Estate planning must-not-forgets

Date: May 13, 2014

When you start to plan your estate and make preparations for a will, it is easy to see how large and complex the situation is. Adding everything up and making decisions isn't easy, which is why people tend to forget to include items, assets and people.

This can become an issue in estate planning if, when you are gone, someone challenges or disputes your will. Not only will this result in additional stress for your family, it can become quite costly. When discussing estate planning with a lawyer, there are some must-not-forget assets that are crucial to include.


After years of maturing, your superannuation fund could be worth a great deal. It is important though to remember that your retirement fund does not come automatically as part of your estate when you die.
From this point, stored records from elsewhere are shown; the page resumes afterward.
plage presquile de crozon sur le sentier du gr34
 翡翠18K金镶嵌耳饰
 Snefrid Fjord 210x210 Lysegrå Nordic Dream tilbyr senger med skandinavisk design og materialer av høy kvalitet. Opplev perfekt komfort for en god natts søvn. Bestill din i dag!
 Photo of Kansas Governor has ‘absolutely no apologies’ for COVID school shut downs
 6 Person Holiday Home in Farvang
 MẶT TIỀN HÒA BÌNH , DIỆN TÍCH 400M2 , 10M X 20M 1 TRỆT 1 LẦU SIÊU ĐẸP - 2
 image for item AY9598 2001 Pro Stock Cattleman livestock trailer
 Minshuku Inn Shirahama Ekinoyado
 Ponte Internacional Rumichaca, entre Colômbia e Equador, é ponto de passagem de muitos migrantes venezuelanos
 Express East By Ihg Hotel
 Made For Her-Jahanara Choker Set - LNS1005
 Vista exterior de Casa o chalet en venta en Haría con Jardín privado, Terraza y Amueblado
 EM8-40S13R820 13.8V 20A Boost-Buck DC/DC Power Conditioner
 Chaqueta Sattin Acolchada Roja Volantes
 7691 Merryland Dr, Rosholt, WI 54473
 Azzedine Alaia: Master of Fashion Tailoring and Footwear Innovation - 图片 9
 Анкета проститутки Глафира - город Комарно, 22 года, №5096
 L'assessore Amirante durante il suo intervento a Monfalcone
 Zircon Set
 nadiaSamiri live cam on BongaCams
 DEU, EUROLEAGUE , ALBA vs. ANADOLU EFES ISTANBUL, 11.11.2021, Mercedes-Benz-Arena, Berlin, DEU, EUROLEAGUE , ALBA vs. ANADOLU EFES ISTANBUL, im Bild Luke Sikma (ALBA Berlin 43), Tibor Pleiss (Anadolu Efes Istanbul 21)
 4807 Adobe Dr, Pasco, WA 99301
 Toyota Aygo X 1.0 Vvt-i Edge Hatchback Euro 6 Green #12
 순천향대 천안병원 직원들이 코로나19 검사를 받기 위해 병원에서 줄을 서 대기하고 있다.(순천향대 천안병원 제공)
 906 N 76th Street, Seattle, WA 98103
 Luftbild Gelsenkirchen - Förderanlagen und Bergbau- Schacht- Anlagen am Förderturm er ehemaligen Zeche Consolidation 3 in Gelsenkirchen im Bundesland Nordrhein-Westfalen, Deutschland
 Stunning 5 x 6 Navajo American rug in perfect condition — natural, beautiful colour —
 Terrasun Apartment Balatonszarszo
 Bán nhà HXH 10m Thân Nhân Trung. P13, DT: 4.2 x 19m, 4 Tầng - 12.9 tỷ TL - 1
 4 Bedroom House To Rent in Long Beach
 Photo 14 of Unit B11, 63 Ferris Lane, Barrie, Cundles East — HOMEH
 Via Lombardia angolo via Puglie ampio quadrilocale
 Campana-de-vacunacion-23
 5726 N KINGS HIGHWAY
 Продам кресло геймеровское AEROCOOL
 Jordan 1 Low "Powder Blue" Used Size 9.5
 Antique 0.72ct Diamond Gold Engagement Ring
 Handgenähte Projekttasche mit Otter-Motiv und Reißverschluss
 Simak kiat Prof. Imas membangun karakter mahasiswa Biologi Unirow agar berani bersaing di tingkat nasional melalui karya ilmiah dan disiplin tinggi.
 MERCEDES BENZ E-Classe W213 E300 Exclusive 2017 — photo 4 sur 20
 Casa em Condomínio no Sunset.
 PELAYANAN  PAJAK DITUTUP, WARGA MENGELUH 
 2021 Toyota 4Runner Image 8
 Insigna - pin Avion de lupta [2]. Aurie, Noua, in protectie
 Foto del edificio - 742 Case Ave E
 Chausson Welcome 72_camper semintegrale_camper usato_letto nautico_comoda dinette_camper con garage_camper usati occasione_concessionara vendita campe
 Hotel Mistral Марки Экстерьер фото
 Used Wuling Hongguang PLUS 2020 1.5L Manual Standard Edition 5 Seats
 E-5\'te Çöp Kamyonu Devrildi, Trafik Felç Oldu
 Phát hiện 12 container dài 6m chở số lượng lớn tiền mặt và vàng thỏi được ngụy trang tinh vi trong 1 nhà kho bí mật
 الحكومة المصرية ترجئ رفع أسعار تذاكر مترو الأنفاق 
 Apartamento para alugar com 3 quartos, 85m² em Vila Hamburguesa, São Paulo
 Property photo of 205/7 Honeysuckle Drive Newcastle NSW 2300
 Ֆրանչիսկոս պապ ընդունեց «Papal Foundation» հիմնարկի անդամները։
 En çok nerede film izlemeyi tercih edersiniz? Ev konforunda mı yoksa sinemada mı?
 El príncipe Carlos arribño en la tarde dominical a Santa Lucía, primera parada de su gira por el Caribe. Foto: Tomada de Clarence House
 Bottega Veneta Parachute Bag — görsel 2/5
As you most likely have not touched this money or only a small part of it, it is easy to forget it is a important part of your estate planning. You will need to decide who you want to benefit from the superannuation and discuss it further with an estate lawyer.


If people owe your money when you die, it is common to forgive the debt and relieve them from payment. If the debt has been long-lasting or a small amount, then it is easy to forget. 

It is an asset though and if you wish, notes can be made in the will to have the debt payment passed onto another family member.

Additional property

While it is easy to pinpoint key items of property that you wish to bequest to family and friends, it is nearly impossible to name everything that you own or sits in your house.

If you have decided to make specific plans for property, it is also important to name people or organisations (e.g a charity) to take responsibility for the remaining items. This is often called a "residuary estate."

Substitutions and inclusions  

This highlights the need to consistently update your estate plans. If for whatever reason you outlive someone who is planned to take some of your assets or become an executor, you need to name a back up. This could be a completely different person or indicate that the person's spouse or children take possession of the asset.

Lastly, it is imperative that all of your children have been named in estate planning. If your original will was written when you only had one child and now you have two or three you have to make the adjustments otherwise people will challenge your will.